STaT: Resolving Shape Distortion in Non-Stationary Time Series via Tri-Modal Synergy
2026-05-25 • Machine Learning
Machine Learning
AI summaryⓘ
The authors created a new forecasting method called STaT that combines three types of information: symbolic (turning numbers into tokens to spot key patterns), temporal (understanding time order), and textual (using related text for context). This approach helps avoid overly smooth predictions that miss important changes. They tested STaT on eight real-world datasets and found it improved accuracy and better captured the true shape of the data compared to previous methods.

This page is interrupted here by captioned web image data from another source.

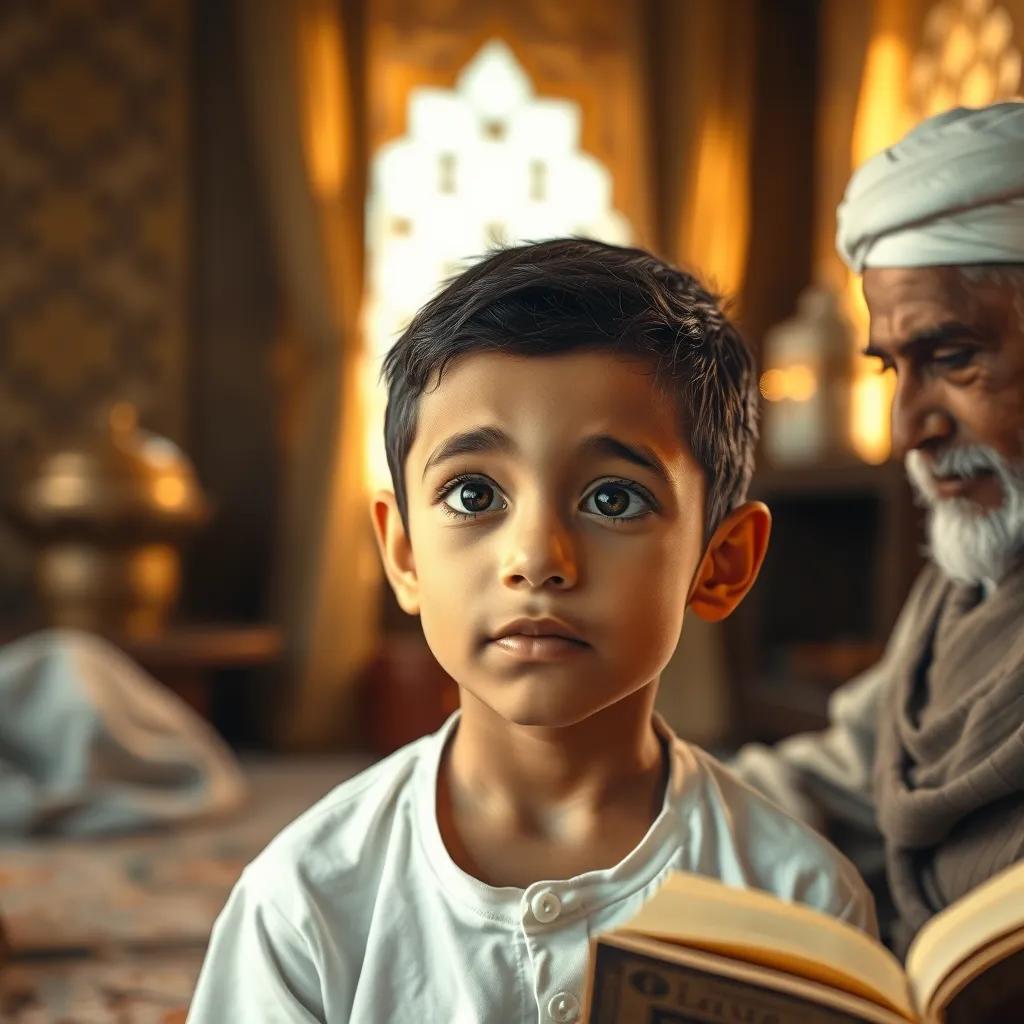 A young boy named Muhammad, a Middle Eastern boy, with dark hair and bright eyes, wearing a simple white shirt, sitting in a traditional Arabian home, listening to stories from his grandfather, warm golden light, inviting atmosphere, digital art, high quality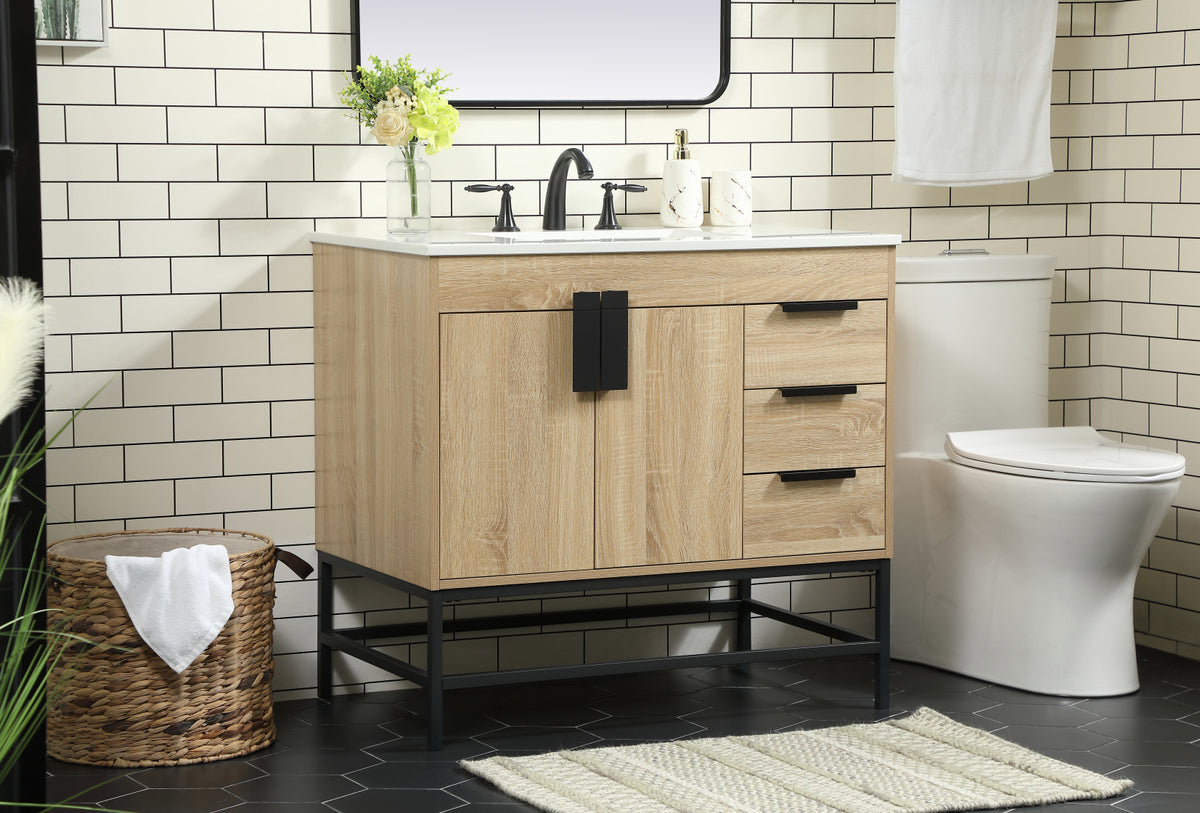 36 inch Single bathroom vanity in mango wood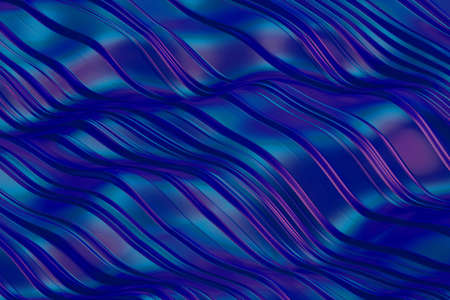 abstract geometric dark blue and purple wavy glowing line wave gradient texture with colorful liquid shiny wavy pattern on background.の写真素材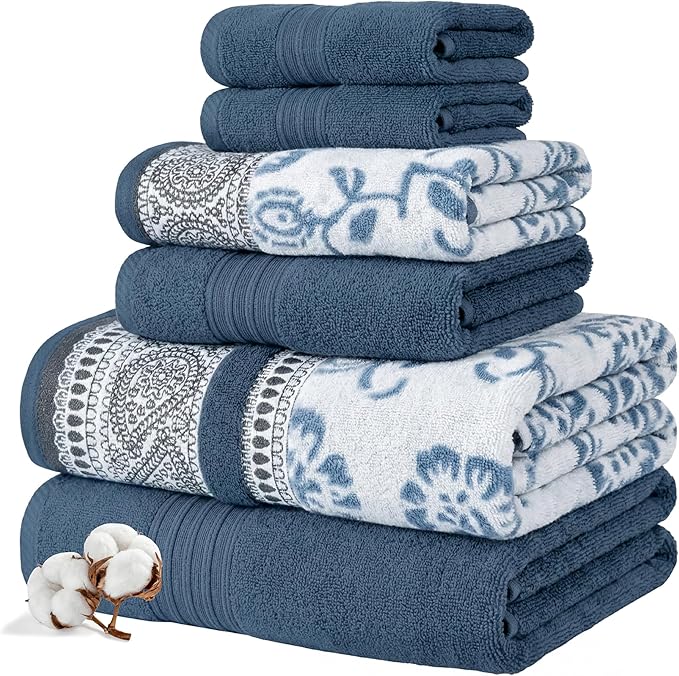 Modern Threads Ophelia 6-Piece 100% Cotton Towel Set – Reversible Yarn Dyed
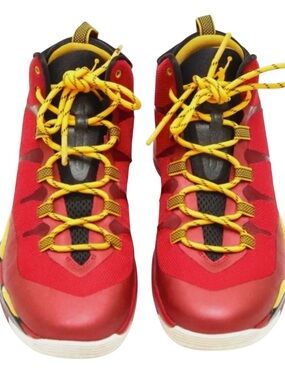 Jordan Yellow and Black High-Top Sneaker Tongue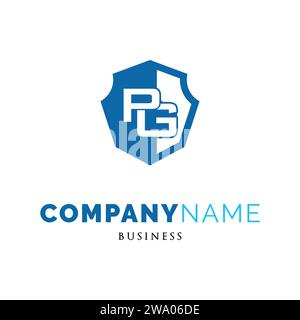 Initial Letter PG Shield Icon Logo Design Template Stock Vector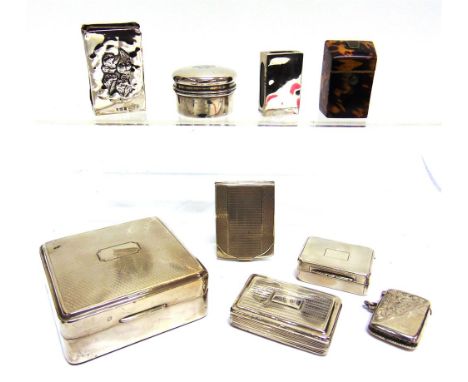 A GEORGIAN SILVER SNUFF BOX with a modern silver snuff box; a circular silver box; two silver match box holders; a silver ves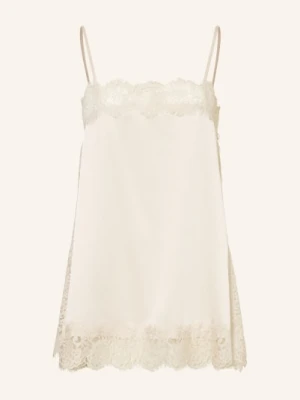 Darling Harbour Satynowy Top Z Koronką beige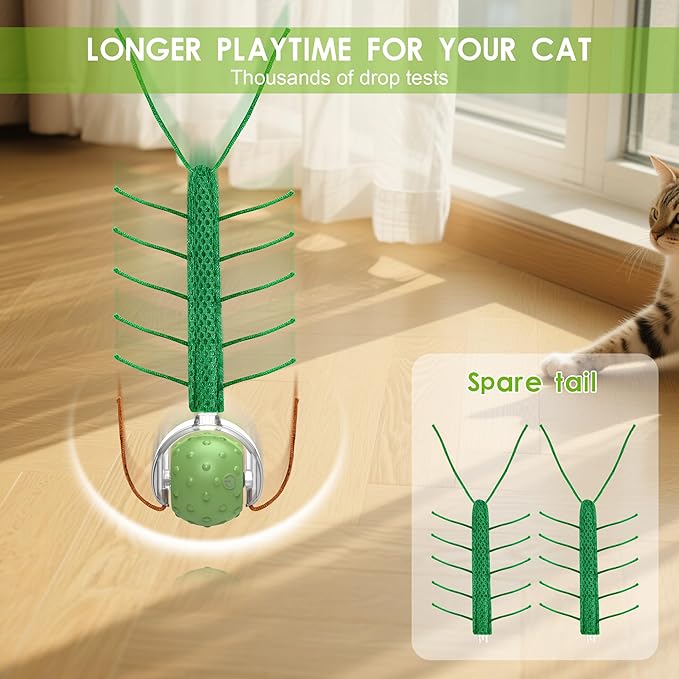 Rechargeable Dual-Tail Cat Toy with Bird Sounds Smart Enrichment Ball for Indoor Cats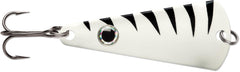 VMC Tingler Spoon Glow Tiger finish attracts walleye and perch under ice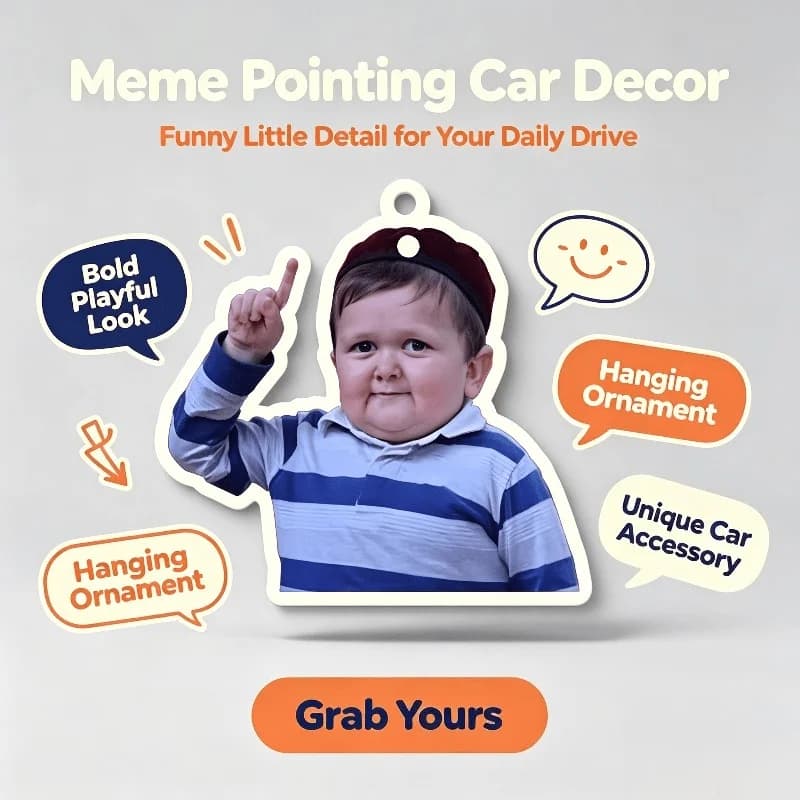 Car Air Freshener Funny Pointing Kid Meme Hanging Scent Card for Car Interior Decor Rearview Mirror Ornament Gift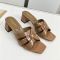 Saint Laurent Tribute Heeled Slides Women Patent Leather Khaki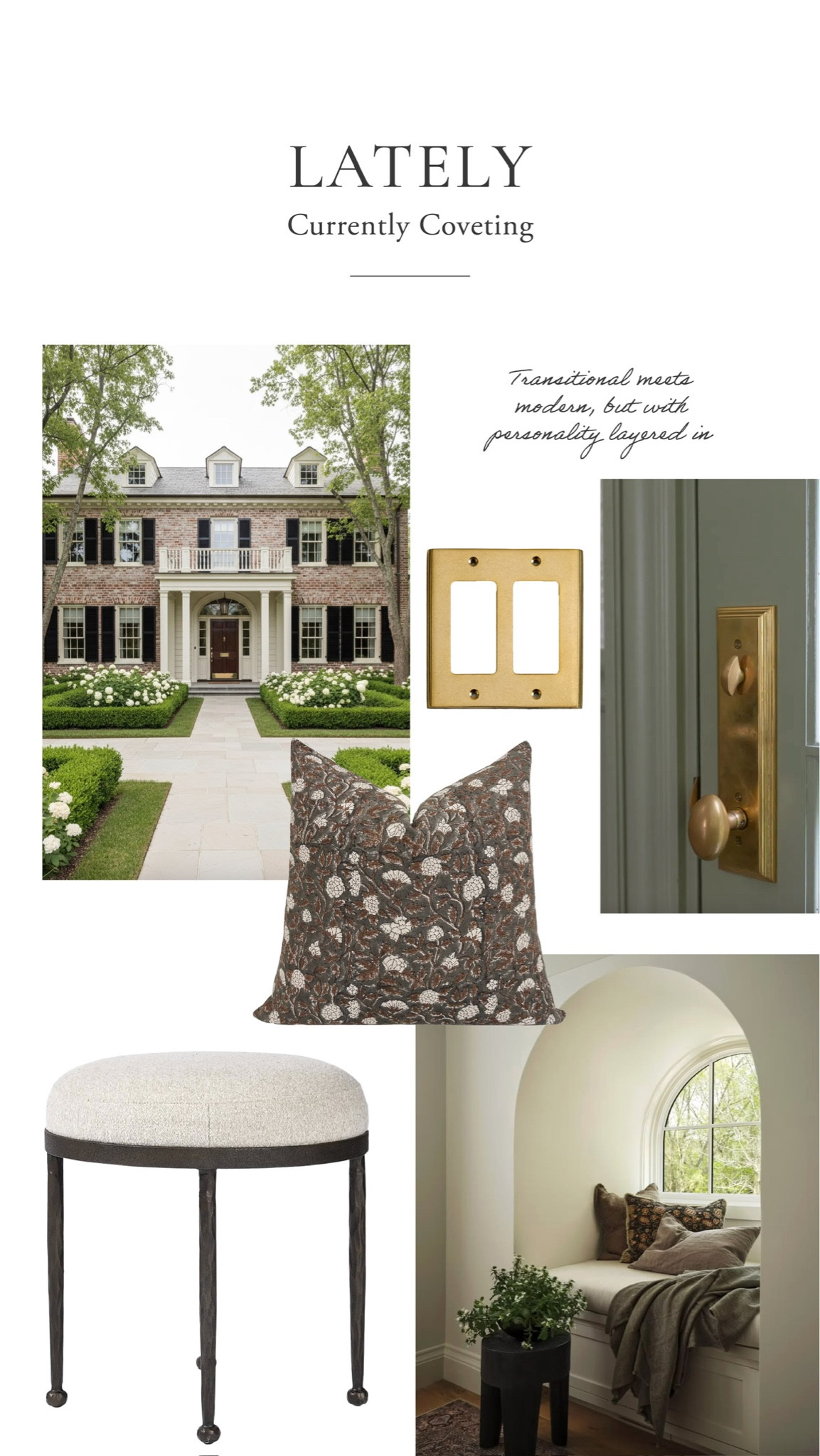 A mix of timeless textures: floral linen pillow covers, iron-leg stools, and classic brass switch plates to elevate everyday details. 

#LTKHome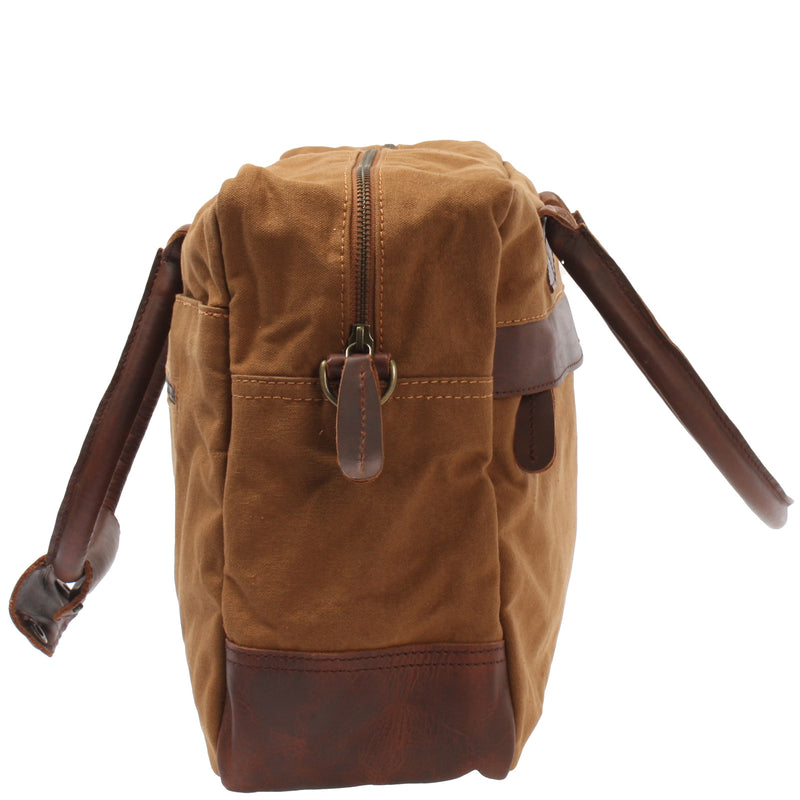 Leconi Handgepäck Arbeitstasche Damen Herren Leder Canvas cognac LE2007 Kauf eins, bekomm eins gratis
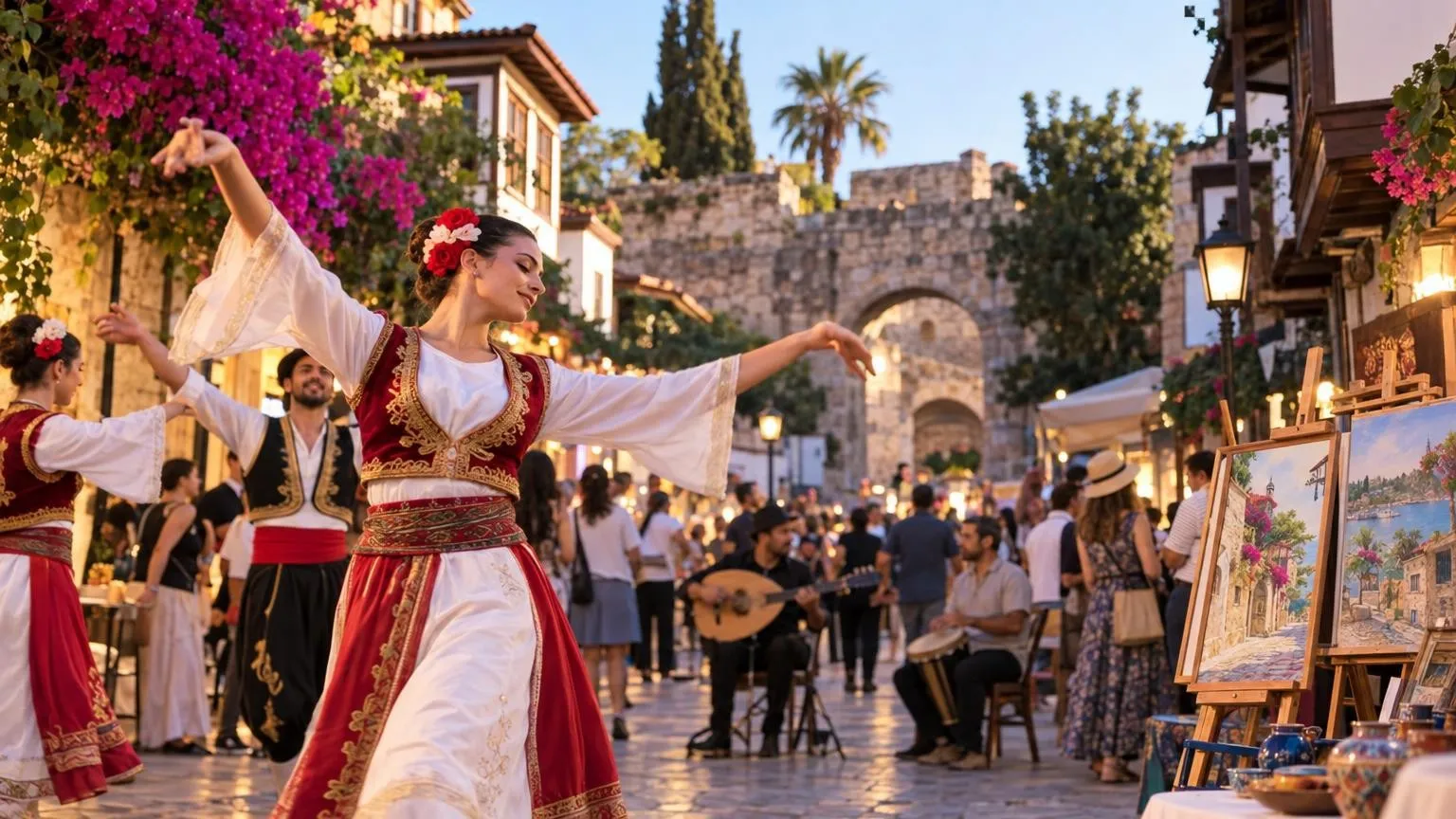 Antalya Kaleiçi’nde 11’inci festival başladı: 25 noktada 110 etkinlik — Yapay zekâ ile oluşturulmuş temsili görsel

time series forecastingmultimodal learningsymbolic modalitytemporal modalitytextual modalitynon-stationary environmentsstructural patternsshape distortionmagnitude indicators
Authors
Hui Cheng, Jinsheng Guo, Zhenhao Weng, Yan Qiao, Meng Li
Abstract
Recent research in time series forecasting frequently investigates the integration of textual and visual modalities with numerical models to better navigate non-stationary environments. Despite delivering solid numerical results, existing multi-modal approaches usually encounter a dilemma: prioritizing the minimization of average errors can result in excessively smooth forecasts that overlook essential fluctuations. To resolve this limitation, we introduce STaT, an innovative multimodal architecture for Symbolic-Temporal-Textual Alignment, which seamlessly unites three synergistic modalities. Specifically, the symbolic modality converts continuous time series into discrete tokens, facilitating the accurate identification of structural patterns and turning points; the temporal modality extracts inherent sequential dependencies; and the textual modality leverages domain semantics to steer the macroscopic forecasting trends. Comprehensive evaluations on eight real-world benchmarks indicate that STaT delivers exceptional performance, enhancing conventional magnitude indicators by up to 8.9% while simultaneously decreasing shape distortion by up to 8.5%.